You agree to indemnify, defend, and hold harmless Epiture, its affiliates, officers, directors, employees, and agents from and against any claims, liabilities, damages, losses, and expenses (including reasonable attorneys' fees) arising from:

  • Your violation of these Terms or our Acceptable Use Policy
  • Your violation of any applicable laws or regulations
  • Your infringement of any third-party rights
  • Your use or misuse of the Services
  • Your data or content hosted on our infrastructure

13. Confidentiality

Both parties agree to maintain the confidentiality of any proprietary or confidential information disclosed during the term of this agreement. Confidential information includes pricing, technical specifications, business strategies, and customer data.

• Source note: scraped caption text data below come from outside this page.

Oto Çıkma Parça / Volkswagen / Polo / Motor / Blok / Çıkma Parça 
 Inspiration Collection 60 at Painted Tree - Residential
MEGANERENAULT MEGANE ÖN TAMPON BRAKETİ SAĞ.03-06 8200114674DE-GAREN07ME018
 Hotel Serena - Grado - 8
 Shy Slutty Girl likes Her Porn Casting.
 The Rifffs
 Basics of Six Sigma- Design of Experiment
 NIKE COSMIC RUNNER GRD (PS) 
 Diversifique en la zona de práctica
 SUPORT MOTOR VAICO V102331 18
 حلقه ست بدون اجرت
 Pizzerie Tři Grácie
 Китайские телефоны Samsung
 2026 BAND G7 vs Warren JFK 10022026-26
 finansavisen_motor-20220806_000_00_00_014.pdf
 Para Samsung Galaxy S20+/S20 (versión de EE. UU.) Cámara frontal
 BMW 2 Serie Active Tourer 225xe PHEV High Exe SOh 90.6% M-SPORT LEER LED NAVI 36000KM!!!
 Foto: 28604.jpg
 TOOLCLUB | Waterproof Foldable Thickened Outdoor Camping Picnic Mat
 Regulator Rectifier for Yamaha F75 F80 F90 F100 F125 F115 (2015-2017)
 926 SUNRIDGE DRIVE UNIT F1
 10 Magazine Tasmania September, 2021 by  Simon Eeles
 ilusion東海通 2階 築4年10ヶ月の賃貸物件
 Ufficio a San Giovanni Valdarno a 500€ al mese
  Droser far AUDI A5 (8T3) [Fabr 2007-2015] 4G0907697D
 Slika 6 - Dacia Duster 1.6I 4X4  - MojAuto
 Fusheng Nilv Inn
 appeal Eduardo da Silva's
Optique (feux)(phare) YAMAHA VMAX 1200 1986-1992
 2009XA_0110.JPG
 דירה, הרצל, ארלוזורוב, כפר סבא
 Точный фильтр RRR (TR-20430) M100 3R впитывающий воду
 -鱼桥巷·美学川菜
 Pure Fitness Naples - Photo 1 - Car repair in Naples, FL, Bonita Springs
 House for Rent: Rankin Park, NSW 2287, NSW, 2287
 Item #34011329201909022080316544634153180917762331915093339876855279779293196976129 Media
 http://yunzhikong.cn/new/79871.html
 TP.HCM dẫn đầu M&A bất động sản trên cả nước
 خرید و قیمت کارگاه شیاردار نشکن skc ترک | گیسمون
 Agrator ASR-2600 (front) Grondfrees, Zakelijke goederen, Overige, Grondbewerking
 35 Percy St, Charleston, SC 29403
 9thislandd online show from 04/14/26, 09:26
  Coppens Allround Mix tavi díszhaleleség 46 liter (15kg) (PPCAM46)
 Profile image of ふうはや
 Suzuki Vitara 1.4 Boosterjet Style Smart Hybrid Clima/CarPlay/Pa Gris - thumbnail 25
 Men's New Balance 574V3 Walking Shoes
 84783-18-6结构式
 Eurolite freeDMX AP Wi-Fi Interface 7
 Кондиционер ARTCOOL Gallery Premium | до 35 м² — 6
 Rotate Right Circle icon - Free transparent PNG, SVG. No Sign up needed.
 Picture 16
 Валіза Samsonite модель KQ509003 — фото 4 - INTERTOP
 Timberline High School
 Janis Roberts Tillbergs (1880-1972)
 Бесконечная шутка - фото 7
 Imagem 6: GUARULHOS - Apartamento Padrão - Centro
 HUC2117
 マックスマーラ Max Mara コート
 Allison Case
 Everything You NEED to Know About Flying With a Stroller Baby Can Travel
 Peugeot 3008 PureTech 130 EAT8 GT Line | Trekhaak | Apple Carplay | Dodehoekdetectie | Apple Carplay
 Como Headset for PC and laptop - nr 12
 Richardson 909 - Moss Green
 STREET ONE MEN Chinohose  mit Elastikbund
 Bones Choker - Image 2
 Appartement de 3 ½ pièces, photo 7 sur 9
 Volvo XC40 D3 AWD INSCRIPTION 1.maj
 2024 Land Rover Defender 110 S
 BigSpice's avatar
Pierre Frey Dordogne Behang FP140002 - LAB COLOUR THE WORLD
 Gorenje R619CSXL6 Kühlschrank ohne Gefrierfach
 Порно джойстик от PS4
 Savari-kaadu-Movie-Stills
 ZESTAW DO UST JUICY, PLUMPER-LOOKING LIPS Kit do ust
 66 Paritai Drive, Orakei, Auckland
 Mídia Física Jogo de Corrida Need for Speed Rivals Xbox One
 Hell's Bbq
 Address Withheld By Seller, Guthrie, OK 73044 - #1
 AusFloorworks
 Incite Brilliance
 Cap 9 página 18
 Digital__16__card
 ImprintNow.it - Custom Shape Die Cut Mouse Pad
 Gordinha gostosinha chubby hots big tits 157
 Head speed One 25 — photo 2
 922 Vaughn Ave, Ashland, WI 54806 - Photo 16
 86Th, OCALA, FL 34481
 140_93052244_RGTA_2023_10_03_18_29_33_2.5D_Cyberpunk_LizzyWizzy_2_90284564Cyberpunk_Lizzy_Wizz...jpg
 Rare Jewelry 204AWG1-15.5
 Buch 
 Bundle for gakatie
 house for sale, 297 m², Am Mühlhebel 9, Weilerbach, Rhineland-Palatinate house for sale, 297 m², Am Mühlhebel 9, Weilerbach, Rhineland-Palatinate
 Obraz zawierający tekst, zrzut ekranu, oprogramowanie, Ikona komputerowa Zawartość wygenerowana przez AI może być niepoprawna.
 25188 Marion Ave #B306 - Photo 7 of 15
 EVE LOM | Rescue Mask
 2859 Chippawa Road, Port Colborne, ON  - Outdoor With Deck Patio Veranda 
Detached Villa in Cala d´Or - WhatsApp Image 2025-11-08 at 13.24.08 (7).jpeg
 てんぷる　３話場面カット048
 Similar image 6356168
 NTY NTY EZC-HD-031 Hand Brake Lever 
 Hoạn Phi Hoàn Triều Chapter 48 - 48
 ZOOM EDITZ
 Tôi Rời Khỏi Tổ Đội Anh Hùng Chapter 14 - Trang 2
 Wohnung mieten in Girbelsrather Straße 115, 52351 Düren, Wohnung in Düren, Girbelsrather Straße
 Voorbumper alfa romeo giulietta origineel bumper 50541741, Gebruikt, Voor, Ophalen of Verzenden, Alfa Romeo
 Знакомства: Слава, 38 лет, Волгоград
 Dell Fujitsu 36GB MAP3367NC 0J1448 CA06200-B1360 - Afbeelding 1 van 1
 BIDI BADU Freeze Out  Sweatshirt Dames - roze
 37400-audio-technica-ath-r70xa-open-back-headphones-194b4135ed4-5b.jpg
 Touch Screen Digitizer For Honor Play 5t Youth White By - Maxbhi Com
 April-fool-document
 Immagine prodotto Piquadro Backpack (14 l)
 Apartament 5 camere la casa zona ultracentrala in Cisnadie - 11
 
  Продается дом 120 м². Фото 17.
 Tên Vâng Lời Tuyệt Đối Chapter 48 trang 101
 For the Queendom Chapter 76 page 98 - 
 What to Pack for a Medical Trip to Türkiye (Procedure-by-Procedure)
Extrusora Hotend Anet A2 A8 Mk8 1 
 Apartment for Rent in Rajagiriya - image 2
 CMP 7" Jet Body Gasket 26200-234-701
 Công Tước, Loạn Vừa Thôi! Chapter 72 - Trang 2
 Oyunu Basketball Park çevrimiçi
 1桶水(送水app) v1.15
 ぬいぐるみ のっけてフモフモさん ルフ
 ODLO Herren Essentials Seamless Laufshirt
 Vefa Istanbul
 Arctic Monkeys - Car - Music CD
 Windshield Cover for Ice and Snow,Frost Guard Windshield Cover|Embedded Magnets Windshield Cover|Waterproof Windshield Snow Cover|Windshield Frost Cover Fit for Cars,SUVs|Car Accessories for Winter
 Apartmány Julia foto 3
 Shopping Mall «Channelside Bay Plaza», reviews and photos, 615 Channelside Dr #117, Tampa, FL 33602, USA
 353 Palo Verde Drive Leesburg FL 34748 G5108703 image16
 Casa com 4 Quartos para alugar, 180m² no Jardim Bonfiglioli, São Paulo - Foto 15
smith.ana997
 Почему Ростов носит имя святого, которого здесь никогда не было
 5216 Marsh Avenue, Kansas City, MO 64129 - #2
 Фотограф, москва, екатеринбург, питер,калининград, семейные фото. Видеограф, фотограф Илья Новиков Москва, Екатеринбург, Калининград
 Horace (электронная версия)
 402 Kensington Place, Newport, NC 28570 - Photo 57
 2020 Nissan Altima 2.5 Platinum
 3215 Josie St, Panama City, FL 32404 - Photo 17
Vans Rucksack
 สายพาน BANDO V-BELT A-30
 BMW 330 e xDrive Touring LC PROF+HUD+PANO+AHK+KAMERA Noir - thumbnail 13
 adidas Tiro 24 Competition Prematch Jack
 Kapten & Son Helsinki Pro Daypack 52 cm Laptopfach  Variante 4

This obligation does not apply to information that: (a) is publicly available through no breach of this agreement; (b) was rightfully known prior to disclosure; (c) is independently developed; or (d) is required to be disclosed by law.

14. Dispute Resolution

14.1 Governing Law

These Terms shall be governed by and construed in accordance with the laws of the Republic of Korea, without regard to conflict of law principles.

14.2 Jurisdiction

Any disputes arising from these Terms shall be subject to the exclusive jurisdiction of the courts located in Seoul, Republic of Korea.

14.3 Informal Resolution

Before initiating formal legal proceedings, both parties agree to attempt to resolve disputes through good faith negotiations. Either party may initiate negotiations by providing written notice of the dispute to the other party.

15. General Provisions

15.1 Entire Agreement

These Terms, together with our Acceptable Use Policy, Privacy Policy, and any applicable service orders or SOWs, constitute the entire agreement between you and Epiture regarding the Services and supersede all prior agreements and understandings.

15.2 Severability

If any provision of these Terms is found to be unenforceable or invalid, that provision shall be limited or eliminated to the minimum extent necessary, and the remaining provisions shall remain in full force and effect.

15.3 Assignment

You may not assign or transfer these Terms or your rights under these Terms without our prior written consent. We may assign these Terms to any affiliate or in connection with a merger, acquisition, or sale of assets.

15.4 Notices

All notices under these Terms must be in writing and sent to the email addresses or physical addresses registered in your account. Notices are deemed received when delivered by email or three days after mailing.

15.5 Waiver

No waiver of any term of these Terms shall be deemed a further or continuing waiver of such term or any other term, and our failure to assert any right or provision under these Terms shall not constitute a waiver of such right or provision.

By using Epiture services, you acknowledge that you have read, understood, and agree to be bound by these Terms of Service.